◆ **DATASET CONTENT**:
● ● ● ● ●

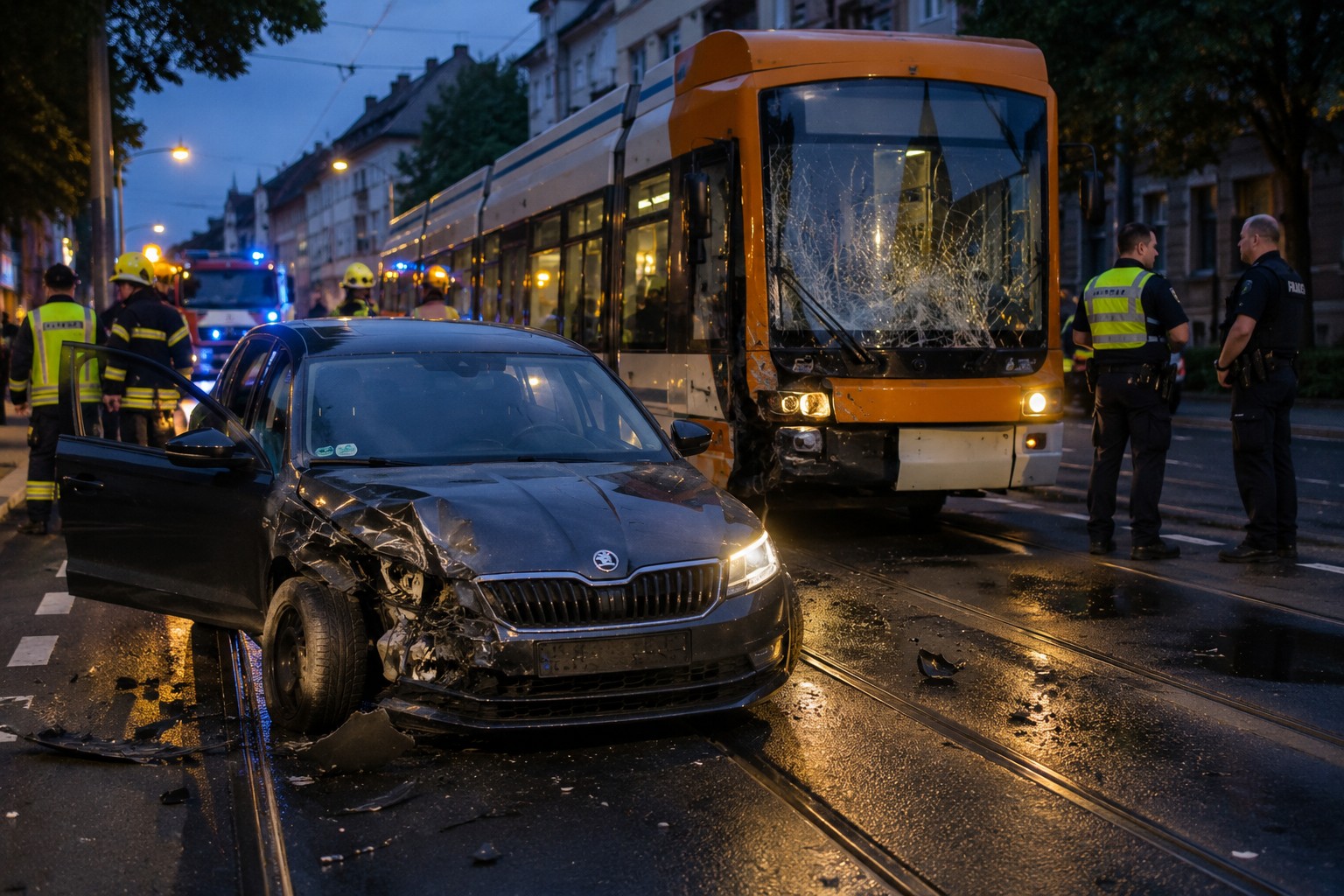 Karlsruhe: Audi kollidiert mit Straßenbahn – Autofahrer leicht verletzt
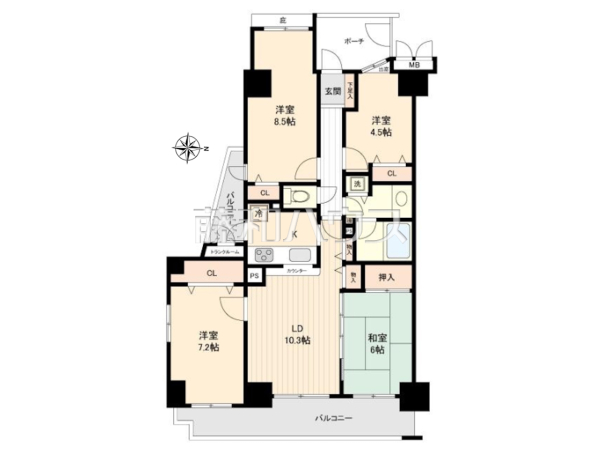 間取図　【ベルシャトゥ立川】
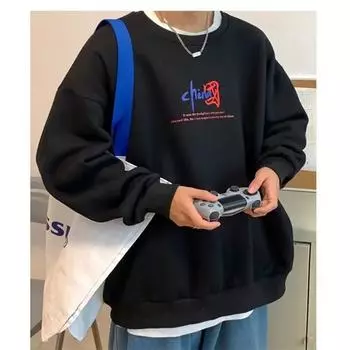 Мужские футболки с буквенным графическим принтом, модные брендовые футболки для мужчин, футболки больших размеров, мужская одежда, повседневная мужская футболка, летняя корейская ретро M чёрный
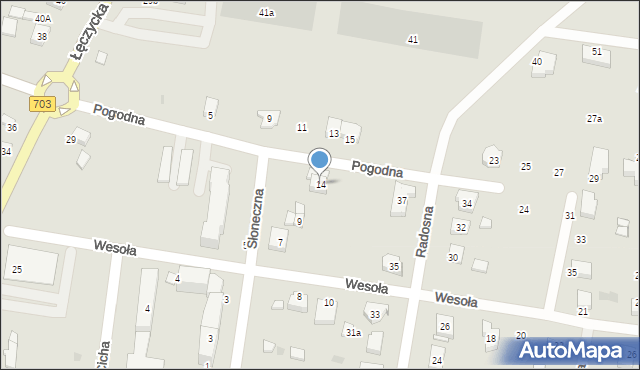 Poddębice, Pogodna, 14, mapa Poddębice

● ● ● ● ●

◆ **REQUIRED ACTION**: Please provide a faithful transcription of all the data, pictures excluded.

◆ **TASK ANSWER**:
 Karlsruhe: Audi kollidiert mit Straßenbahn – Autofahrer leicht verletzt
 間取図　【ベルシャトゥ立川】
 Мужские футболки с буквенным графическим принтом, модные брендовые футболки для мужчин, футболки больших размеров, мужская одежда, повседневная мужская футболка, летняя корейская ретро M чёрный
 Poddębice, Pogodna, 14, mapa Poddębice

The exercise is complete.